Она умоляла избавить ее от этого брака. Никогда не рассчитывала она выйти замуж и не хотела этого. Страшная новость неожиданно ворвалась в ее тихую жизнь и вмиг перевернула все. Она ревела день и ночь, но все было бесполезно. И вот она здесь. А через несколько часов ее обвенчают с молодым человеком, который, увидев ее, с отвращением отвернет голову. И она его за это не осуждала, ибо сама нередко, только подумав о своей внешности, содрогалась.

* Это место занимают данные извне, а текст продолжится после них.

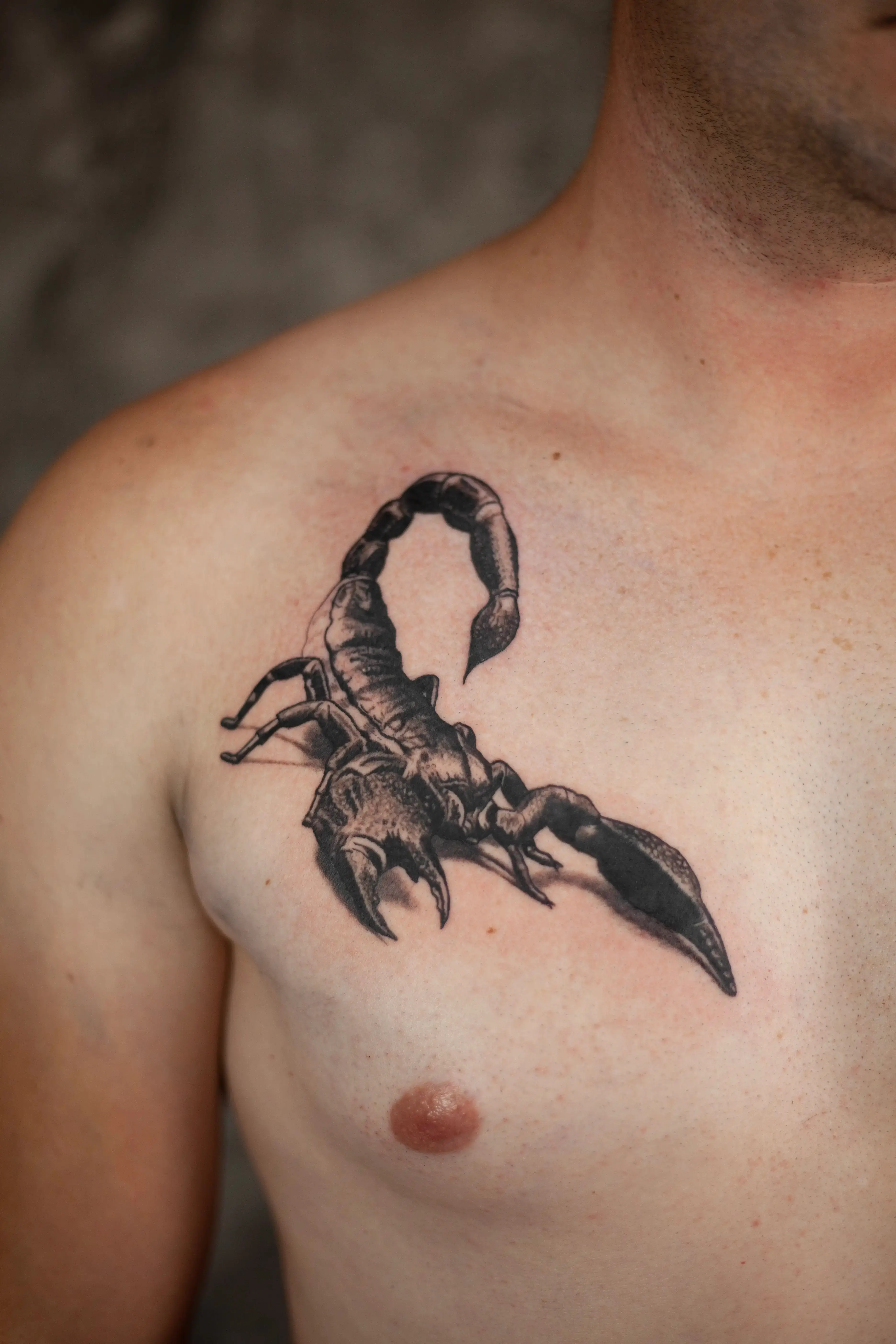 Tetovaža Škorpija na grudima - Black & Grey - Eternal Art Tattoo Studio Loznica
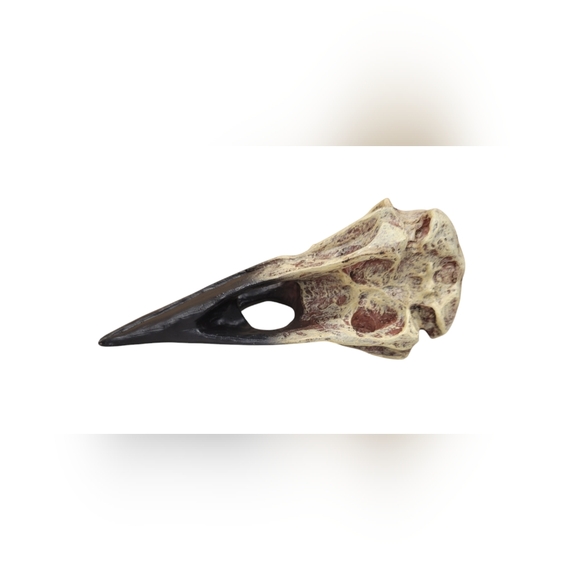 Raven Skull Hideout Bird Gothic Figurine 6 inch Sturdy Solid Decor Pet - Picture 7 of 7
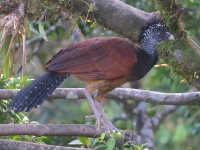 A10A3309Female_Great_Curassow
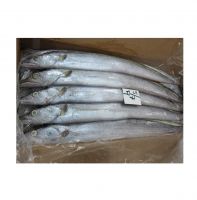 0.05% Max Moisture Fresh Frozen Whole Round Ribbon Fish With Natural Silver Color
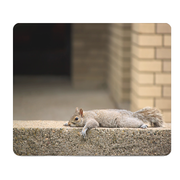 Squirrel Laying Around Thick Mouse Pad Cushion Desk Mat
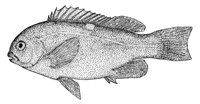 379055.jpg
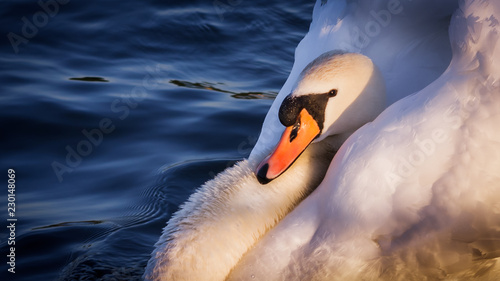 close up of swan on lake
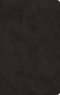 ESV Large Print Value Thinline Bible (TruTone, Black)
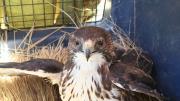 La Paz: liberan a un aguilucho de garganta blanca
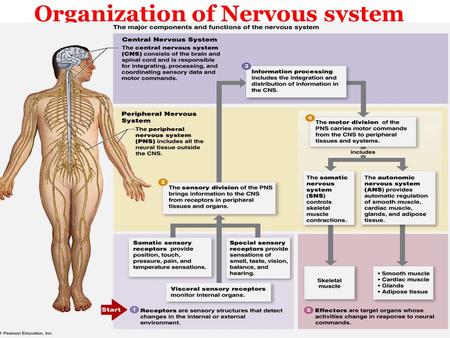 Organization of Nervous system. Structural and functional unite of the nervous system The Neuron.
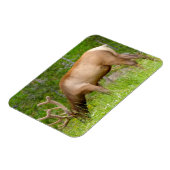 Kühlschrank Magnet Yellowstone Elch (Linke Seite)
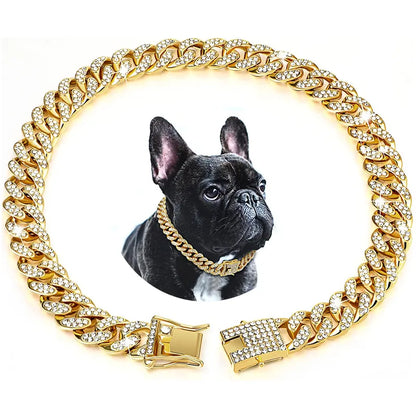 Gold Chain Collar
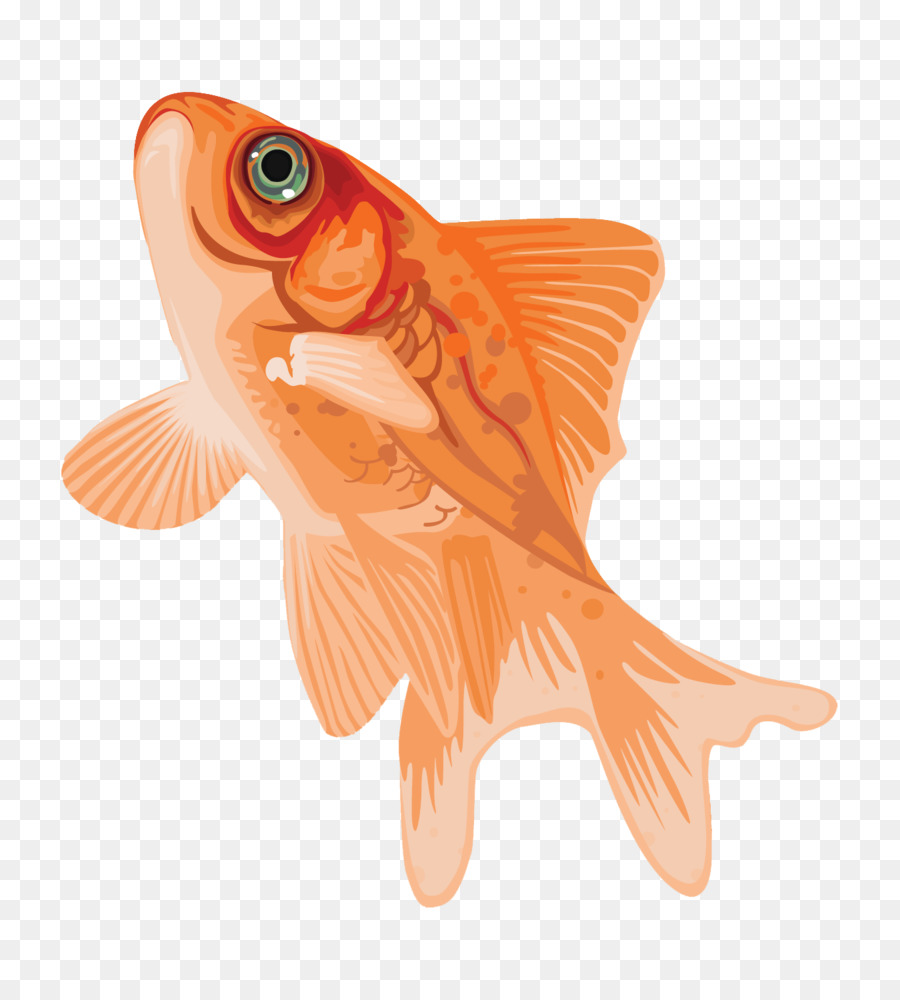 Knochenfische Koi Gemeiner Goldfisch Neontetra - Überflieger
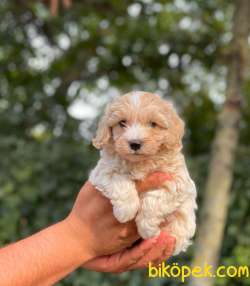 ORJİNAL MALTİPOO BEBEKLER 4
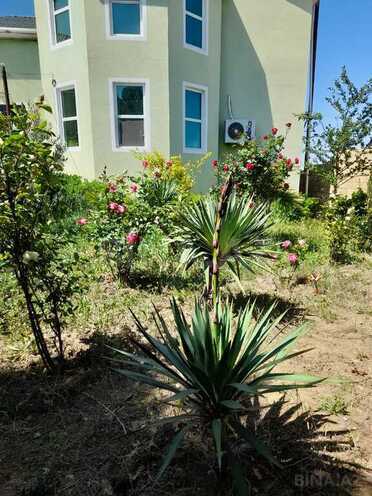 4 otaqlı həyət evi/bağ evi - Fatmayı q. - 220 m² (23)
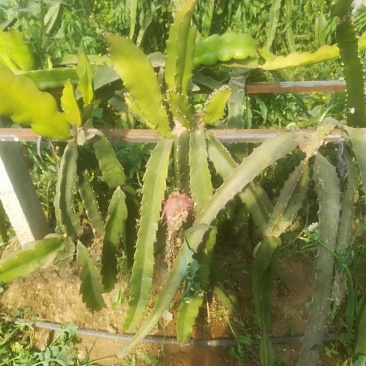 火龙果苗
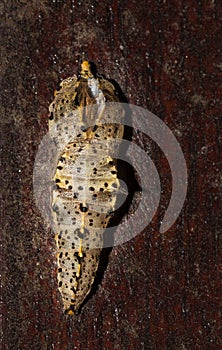 Empty Butterfly pupa chrysalis on a wall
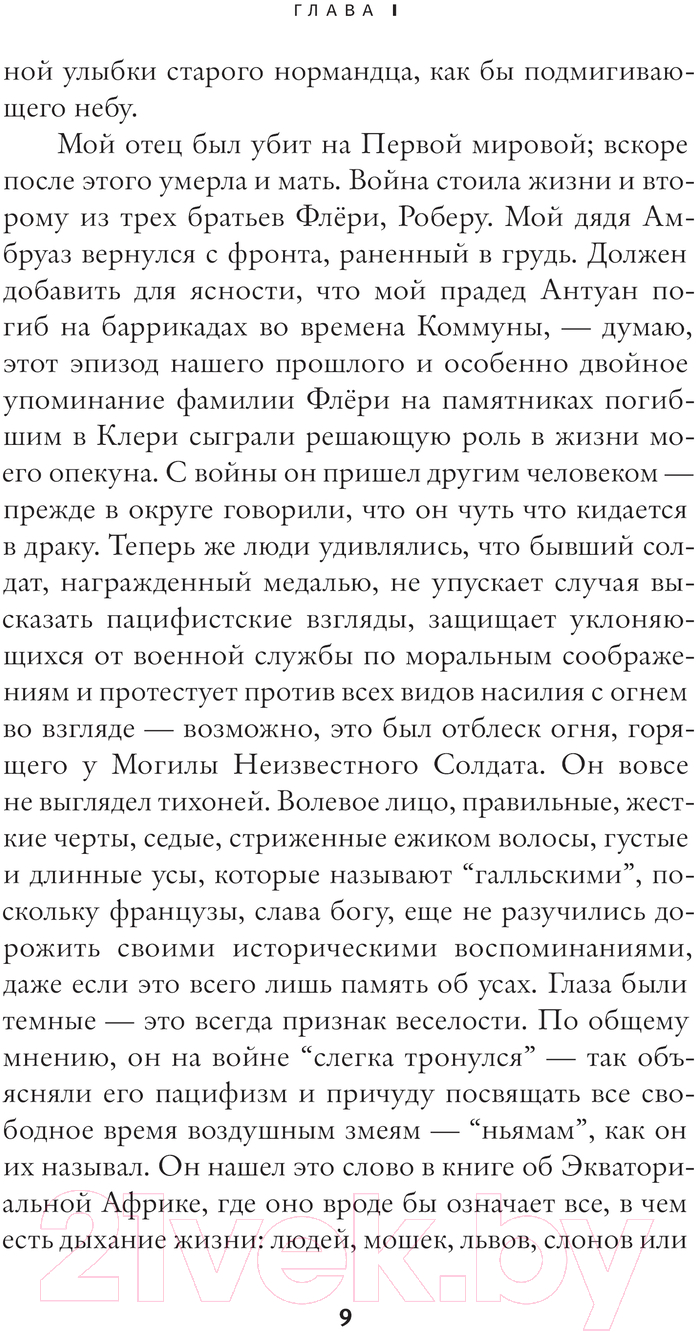 Художественная книга АСТ Воздушные змеи твердая обложка (Гари Ромен) — фото 4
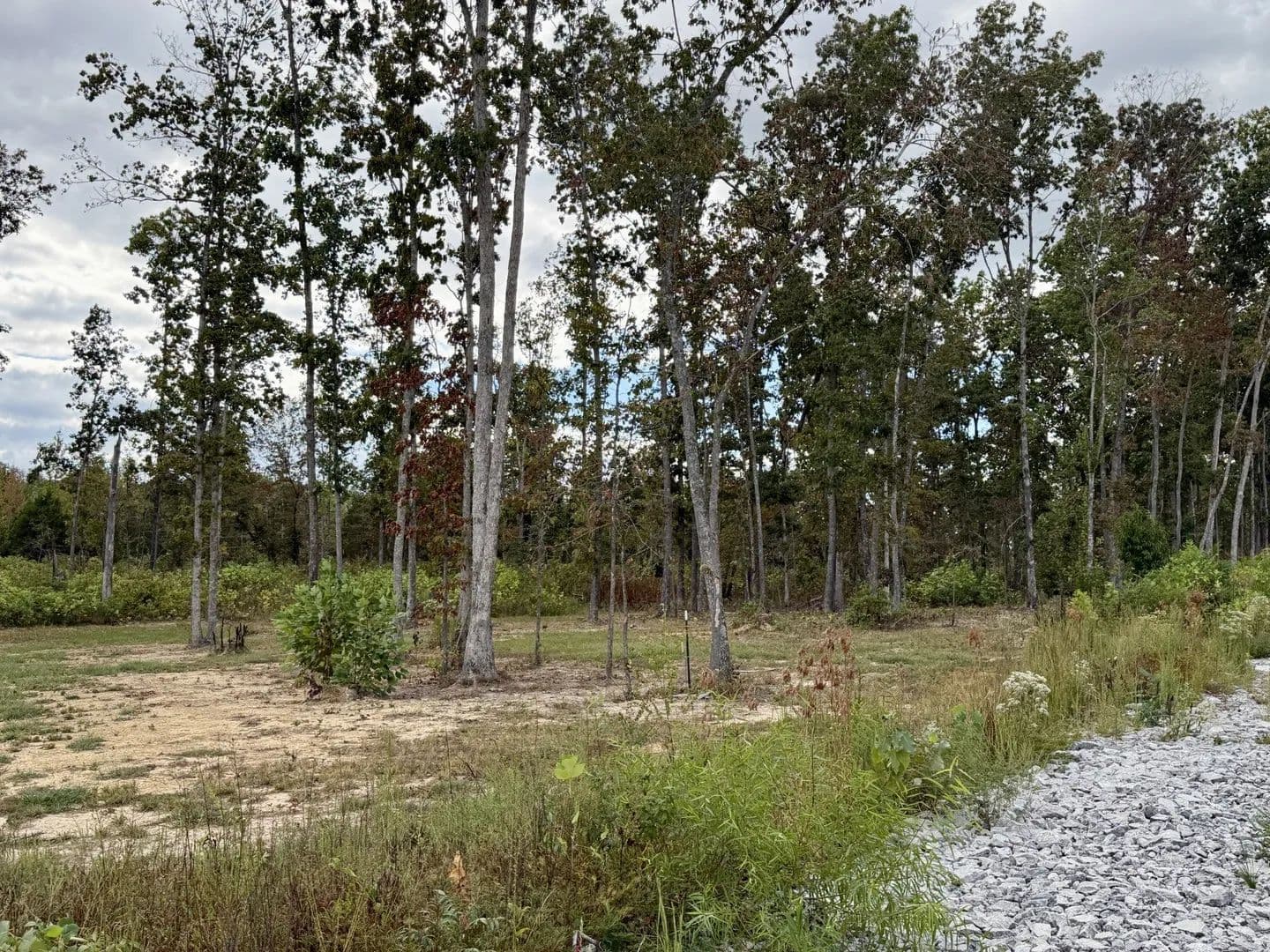 Lots & Land-Other in Wartrace - Wartrace, Tennessee, 37183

Нет, это была изощренная пытка и для нее, и для него. Он был средоточием всех лучших качеств, которые она видела в мужчинах. Душу бы свою она отдала, не задумываясь, чтобы быть для него подходящей невестой, чтобы он, хотя бы раз, с нежностью, с желанием посмотрел на нее.

У Анны тоже было тяжело на душе. Как насмешку, воспринимала она сейчас и свою красоту тоже. Брак с Пьером был для нее не просто неприятен, он был ей глубоко отвратителен. Но она была реалисткой от рождения и по воспитанию (не забудем, кто был ее воспитателем). Когда отец раскрыл перед ней свой план, она была вынуждена признать его практическую целесообразность, хотя сожалела, что осуществлять этот план придется именно ей. Отец сказал, что это неизбежно, и она покорилась, хотя тяжело, очень тяжело было примириться с мыслью о том, что на смену любезному ее сердцу другу детства придет скучнейший Пьер. Она плакала, вспоминая, какие планы они строили вместе с Людовиком. Все тщетно теперь, все тщетно.

Жанна резко отвернулась от зеркала и своими слабыми тонкими пальцами с истерическим хохотом начала рвать свадебное золотое платье.

— Как это жестоко, это слишком жестоко, Анна! Пошли кого-нибудь за нашим отцом, объясни ему, что это чересчур жестоко. Я не смогу этого пережить! Я уйду в монастырь, я умру — все, что угодно, только бы не тащиться вдоль длинного ряда сидений в соборе, мимо придворных, которые с усмешками будут меня разглядывать. Это слишком…

Анна пыталась успокоить сестру, но истерика Жанны зашла слишком далеко, чтобы какие-то слова могли ее прекратить. Она продолжала рыдать и рвать на себе платье, пока наконец не разодрала его от горла до плеча. Испугавшись, Анна побежала за мадам де Линьер. Увидев рыдающее дитя, добрая женщина преисполнилась жалости. Мадам де Линьер растила Жанну с младенчества, и горько было ей видеть эту истерику. Она прижала Жанну к себе и заговорила так, как обычно говорила, когда отвращение самой к себе вдруг доводило Жанну до подобных приступов. В знакомых руках, слыша знакомые слова, девочка скорчилась и затихла. Мадам де Линьер сделала знак Анне оставить их одних.